By T. D. Thornton
A co-owner of the deceased stallion Laoban (Uncle Mo) is suing a collective of insurance providers in an alleged wrongful denial of coverage case for failing to pay out on mortality policies in the aftermath of the 8-year-old's sudden death 10 months ago.
The civil complaint was filed Mar. 22 in Kentucky's Fayette Circuit Court. Paulick Report first broke the story.
According to the court filing, Cypress Creek Equine, LLC, wants the defendants–North American Specialty Insurance Company, XL Specialty Insurance Company and Underwriters at Lloyd's, London and Lloyd's Kentucky, Inc.–to pay an undisclosed sum that includes mortality coverage, compensatory damages, court costs and attorney fees.

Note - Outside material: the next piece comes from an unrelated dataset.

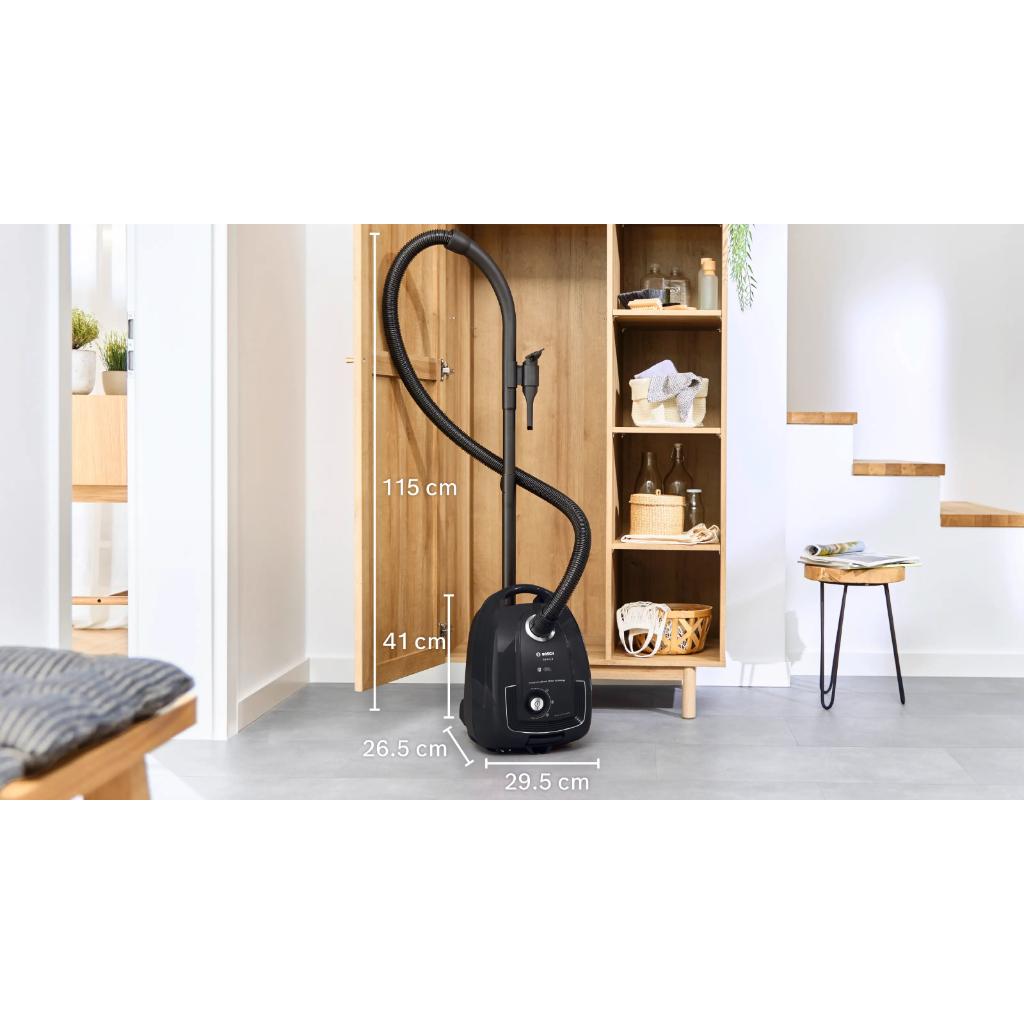 ΣΚΟΥΠΑ BOSCH BGB38BA1 ΜΕ ΣΑΚΟΥΛΑ - Image 7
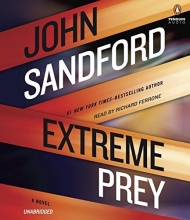 Cover art for Extreme Prey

According to the lawsuit, “On May 24, 2021, the healthy stallion Laoban, partially owned by Cypress, died unexpectedly in Fayette County, Kentucky, after being given vitamin and mineral supplements.”I
Laoban, whose only win from nine starts came in the 2016 GII Jim Dandy S. at Saratoga, retired after that season with earnings of $526,250 and stood at Sequel Stallions in New York. As TDN's Sid Fernando recently reported, Laoban “initially stood for $7,500, but he was a hit with his first 2-year-olds–ending up second on the 2020 first-crop list behind Uncle Mo's Nyquist–and was moved to WinStar in Kentucky for the 2021 season at a $25,000 fee.”
The sire of 10 black-type winners, Laoban's first crop included Grade l winner Simply Ravishing and Grade II winner and multiple Grade l-placed Keepmeinmind.
Laoban is also the sire of Un Ojo, who upset the GII Rebel S. last month at 75-1 odds. That one-eyed gelding is currently listed as an “on the bubble” horse in the most recent TDN Top 12 rankings for the GI Kentucky Derby, but he is third on the official qualifying points list. Cypress Creek Equine owns Un Ojo.
“At the time of the death, Cypress was insured for the death by mortality insurance policies issued and/or adjusted by the Insurers,” the filing stated.
“In a letter dated August 4, 2021, the Insurers wrongfully denied Cypress mortality coverage and therefore an actual controversy exists pursuant to [Kentucky state law],” the filing stated.
“The denial was alternatively based on provision(s) in the policies which are ambiguous and/or must be construed to afford coverage to Cypress pursuant to its reasonable expectations of coverage,” the filing stated.
The defendants could not be reached for comment prior to deadline for this story. They have 21 days from the filing of the suit to respond in court.